Client: a real estate company.

Need: To store in an orderly way in a single system all the historical and current data generated in the company. 

Previous situation: The company's real estate and accounting management system was in place and a data mart with the data that the management considered necessary to follow the evolution of the company in an instance of SQL Server with Analisis Services. The data was integrated with Integration Services from various sources. Reports were created with SQL Reporting Services and Power BI. 

Implementation: A cluster of Hadoop (Hortonworks) was created where all the operative data of the company was going to be stored. In this way, all the reports, letters, communications and e-mails that were scattered throughout the company were stored. The reports were modified so that they also wrote a copy in .csv file format in order to have an auditable historical record of the reports generated. The data deemed appropriate from the company's DBMS was systematically collected.
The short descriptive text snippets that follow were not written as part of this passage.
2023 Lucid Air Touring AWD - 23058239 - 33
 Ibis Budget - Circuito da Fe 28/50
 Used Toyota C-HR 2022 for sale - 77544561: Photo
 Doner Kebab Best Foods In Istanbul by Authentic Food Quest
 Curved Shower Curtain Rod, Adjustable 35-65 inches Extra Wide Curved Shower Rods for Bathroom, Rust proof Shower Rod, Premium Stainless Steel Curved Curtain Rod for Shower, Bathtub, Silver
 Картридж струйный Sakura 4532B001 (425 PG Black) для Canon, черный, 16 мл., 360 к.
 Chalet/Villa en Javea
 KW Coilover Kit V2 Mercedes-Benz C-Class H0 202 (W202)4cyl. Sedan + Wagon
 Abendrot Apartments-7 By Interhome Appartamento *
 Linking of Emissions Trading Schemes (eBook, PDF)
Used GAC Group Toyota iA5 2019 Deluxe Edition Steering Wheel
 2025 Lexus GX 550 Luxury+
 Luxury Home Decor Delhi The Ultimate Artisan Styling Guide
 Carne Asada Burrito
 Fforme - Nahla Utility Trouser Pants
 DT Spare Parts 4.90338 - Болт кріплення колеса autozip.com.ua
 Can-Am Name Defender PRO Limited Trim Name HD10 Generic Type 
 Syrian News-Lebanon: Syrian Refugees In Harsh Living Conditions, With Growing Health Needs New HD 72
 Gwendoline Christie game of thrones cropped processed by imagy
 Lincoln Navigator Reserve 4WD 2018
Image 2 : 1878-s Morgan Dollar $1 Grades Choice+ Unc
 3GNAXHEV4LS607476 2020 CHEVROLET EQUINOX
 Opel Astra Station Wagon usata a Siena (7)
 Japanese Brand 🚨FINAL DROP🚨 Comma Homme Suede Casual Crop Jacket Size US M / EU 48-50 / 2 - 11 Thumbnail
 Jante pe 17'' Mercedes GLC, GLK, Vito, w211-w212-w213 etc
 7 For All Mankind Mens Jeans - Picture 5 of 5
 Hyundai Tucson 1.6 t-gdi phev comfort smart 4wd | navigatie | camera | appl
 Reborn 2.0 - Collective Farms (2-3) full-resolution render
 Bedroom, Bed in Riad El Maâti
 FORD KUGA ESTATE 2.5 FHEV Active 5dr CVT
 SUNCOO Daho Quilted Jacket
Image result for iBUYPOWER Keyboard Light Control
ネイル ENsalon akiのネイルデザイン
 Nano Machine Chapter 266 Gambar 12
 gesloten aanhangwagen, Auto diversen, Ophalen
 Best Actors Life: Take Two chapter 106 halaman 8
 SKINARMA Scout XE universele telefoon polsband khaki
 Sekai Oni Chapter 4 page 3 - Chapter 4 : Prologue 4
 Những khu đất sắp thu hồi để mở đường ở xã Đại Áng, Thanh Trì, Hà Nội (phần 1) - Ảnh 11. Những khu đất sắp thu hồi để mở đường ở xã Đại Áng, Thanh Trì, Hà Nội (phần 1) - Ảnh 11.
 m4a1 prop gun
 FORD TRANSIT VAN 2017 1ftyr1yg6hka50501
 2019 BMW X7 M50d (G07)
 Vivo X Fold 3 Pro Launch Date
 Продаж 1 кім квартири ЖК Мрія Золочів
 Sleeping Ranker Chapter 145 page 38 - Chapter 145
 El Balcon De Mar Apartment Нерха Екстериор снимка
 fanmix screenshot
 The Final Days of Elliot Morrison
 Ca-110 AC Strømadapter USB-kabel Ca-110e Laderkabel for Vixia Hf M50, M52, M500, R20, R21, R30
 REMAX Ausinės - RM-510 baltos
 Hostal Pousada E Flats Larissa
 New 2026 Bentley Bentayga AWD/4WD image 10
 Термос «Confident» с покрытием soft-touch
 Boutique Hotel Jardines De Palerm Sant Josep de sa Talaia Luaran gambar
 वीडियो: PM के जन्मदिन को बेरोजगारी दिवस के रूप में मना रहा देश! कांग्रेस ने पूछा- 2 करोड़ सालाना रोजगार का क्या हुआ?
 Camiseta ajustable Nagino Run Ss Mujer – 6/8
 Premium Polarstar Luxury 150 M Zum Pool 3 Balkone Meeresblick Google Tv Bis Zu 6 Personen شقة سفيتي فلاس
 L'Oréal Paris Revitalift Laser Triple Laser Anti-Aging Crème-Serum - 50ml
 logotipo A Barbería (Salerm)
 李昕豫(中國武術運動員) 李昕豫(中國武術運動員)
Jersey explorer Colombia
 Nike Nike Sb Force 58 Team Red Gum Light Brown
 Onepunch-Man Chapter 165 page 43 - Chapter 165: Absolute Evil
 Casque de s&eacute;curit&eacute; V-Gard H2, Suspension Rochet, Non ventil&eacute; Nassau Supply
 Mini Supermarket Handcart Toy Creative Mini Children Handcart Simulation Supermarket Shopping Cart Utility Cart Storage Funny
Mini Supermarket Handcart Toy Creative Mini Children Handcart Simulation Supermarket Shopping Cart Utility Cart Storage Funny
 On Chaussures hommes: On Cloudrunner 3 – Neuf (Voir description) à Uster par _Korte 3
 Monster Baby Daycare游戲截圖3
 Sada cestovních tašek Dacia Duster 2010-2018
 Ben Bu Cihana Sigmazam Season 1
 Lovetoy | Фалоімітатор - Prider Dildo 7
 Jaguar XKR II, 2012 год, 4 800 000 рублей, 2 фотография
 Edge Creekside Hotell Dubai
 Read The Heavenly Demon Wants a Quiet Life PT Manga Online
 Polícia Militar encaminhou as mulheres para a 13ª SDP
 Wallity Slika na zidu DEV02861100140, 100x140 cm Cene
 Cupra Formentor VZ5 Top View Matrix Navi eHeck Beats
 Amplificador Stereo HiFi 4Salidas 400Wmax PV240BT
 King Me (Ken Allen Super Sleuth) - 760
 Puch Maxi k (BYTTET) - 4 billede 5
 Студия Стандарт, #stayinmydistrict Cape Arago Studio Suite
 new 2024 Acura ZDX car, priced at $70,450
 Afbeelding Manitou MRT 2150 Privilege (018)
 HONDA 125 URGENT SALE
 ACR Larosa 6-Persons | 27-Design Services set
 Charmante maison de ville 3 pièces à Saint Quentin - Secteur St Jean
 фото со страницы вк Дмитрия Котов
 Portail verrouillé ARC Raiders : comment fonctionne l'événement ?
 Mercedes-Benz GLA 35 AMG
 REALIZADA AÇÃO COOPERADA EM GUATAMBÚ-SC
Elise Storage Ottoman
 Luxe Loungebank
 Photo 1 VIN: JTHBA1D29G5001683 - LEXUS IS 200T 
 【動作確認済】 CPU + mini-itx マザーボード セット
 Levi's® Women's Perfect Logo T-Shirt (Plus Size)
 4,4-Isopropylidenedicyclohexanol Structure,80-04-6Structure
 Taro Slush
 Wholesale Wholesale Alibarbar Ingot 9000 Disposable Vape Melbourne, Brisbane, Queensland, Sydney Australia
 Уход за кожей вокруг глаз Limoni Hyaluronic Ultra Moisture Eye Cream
The logs of this system and of the web server of the company were captured with Filebeats and Elasticsearch. Data of clients and properties managed by the commercials was transferred to Hadoop in a standardized format. 

New datasets useful for company monitoring were subsequently identified and new multidimensional models were created for company managers with SSAS and Power BI reports. Dremio was installed and configured to facilitate and speed up other Power BI queries directly on the data stored in the different file types of the Cluster.

All storage design and information processing was done according to the european General Data Protection Regulations (GDPR) that would come into effect in Spain on May 25, 2018.

2017/06/20

Migrating a Real Estate Company information system to SQL Server

Common databases for the entire company facilitate communication between departments and managers.


Client: a real estate company.


Need: To homogenize different data handled by company's departments.

Previous situation: Most of the information was in a specific management program for real estate companies, but there were also several Access databases and many Excel spreadsheets managed by different departments. There was a lot of duplicated and apparently contradictory information.


Implementation: All data that was scattered throughout the organization was grouped in SQL Server with Integration Services. Once the data model and the DB were created, the company's processes had to be modified. Multidimensional tables were also created with Analisis Services in order to have a better control from the management of the company's progress. Finally, reports were generated to consult from computers or mobile phones with Microsoft Power BI reporting server.


 Cost: 500 days + licenses

2016/12/14

Optimizing SSAS (SQL Server Analysis Services) OLAP cubes

Business intelligence solutions do not work forever. They degrade over time, grow in data, are introduced small changes that in many cases deteriorate response times. The company begins to demand more. Many more reports are generated. In short, what used to work before makes it worse and worse.


Customer: Industrial company


Need: Data from the company's multidimensional cubes must be available at all times, with reasonable response times for users.


Previous Situation: The client applications for generating reports and dashboards worked very slowly and the OLAP server was unavailable many times.


Implementation: A system performance study was carried out by activating and generating traces of the SSAS server to detect where delays and blockages were occurring. The multidimensional model was studied to relate the delays with the traces and to identify time consuming mdx queries. When conclusions were drawn, changes were introduced that did not entail major disruptions to the service in order to improve it as much as possible. In a pre-production environment, changes were finally introduced in the design of the cubes that were deemed necessary to improve performance (new grouping of dimensions, new partitions, new added measures, ...) and the relevant tests and changes were made to meet the needs of the company. The process of updating the cubes was optimized and automated with Integration Services (SSIS).